• [Assignment]: Pull out each line of the data that includes the word "featuring".

*** Opening of Data records ***

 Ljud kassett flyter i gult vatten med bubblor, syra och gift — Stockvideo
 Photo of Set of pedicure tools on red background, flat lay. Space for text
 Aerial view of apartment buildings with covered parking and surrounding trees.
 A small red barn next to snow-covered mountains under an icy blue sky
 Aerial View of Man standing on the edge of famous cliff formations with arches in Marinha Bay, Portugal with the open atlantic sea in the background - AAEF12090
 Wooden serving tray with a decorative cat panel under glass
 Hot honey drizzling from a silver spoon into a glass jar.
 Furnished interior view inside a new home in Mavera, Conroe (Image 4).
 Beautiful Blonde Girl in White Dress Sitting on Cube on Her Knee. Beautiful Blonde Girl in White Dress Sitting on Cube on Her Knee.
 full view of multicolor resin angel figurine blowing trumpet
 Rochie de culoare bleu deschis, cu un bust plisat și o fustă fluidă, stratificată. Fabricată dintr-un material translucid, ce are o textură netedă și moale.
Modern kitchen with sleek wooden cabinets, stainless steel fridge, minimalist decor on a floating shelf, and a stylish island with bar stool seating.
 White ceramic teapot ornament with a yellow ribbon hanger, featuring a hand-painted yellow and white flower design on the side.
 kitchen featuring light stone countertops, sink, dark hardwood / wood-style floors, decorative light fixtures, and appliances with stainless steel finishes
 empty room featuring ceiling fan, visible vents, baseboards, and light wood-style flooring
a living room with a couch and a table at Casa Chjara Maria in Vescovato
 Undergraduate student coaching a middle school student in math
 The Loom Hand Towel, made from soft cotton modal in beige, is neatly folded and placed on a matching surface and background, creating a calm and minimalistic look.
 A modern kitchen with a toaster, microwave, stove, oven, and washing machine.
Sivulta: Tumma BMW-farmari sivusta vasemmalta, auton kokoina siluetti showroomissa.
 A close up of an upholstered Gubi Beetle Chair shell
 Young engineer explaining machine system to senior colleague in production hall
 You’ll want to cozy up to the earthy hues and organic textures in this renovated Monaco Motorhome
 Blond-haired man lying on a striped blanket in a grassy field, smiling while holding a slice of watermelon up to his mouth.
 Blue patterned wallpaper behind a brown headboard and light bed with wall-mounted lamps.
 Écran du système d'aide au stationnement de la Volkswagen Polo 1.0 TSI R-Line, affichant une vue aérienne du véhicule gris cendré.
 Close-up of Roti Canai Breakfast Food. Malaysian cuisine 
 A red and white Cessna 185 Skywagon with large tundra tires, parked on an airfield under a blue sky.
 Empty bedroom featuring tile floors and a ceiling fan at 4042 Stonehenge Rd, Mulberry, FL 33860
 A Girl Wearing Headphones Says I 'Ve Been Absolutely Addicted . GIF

*** Close of Data records ***

• [Output of the task]:
 White ceramic teapot ornament with a yellow ribbon hanger, featuring a hand-painted yellow and white flower design on the side.
 kitchen featuring light stone countertops, sink, dark hardwood / wood-style floors, decorative light fixtures, and appliances with stainless steel finishes
 empty room featuring ceiling fan, visible vents, baseboards, and light wood-style flooring
 Empty bedroom featuring tile floors and a ceiling fan at 4042 Stonehenge Rd, Mulberry, FL 33860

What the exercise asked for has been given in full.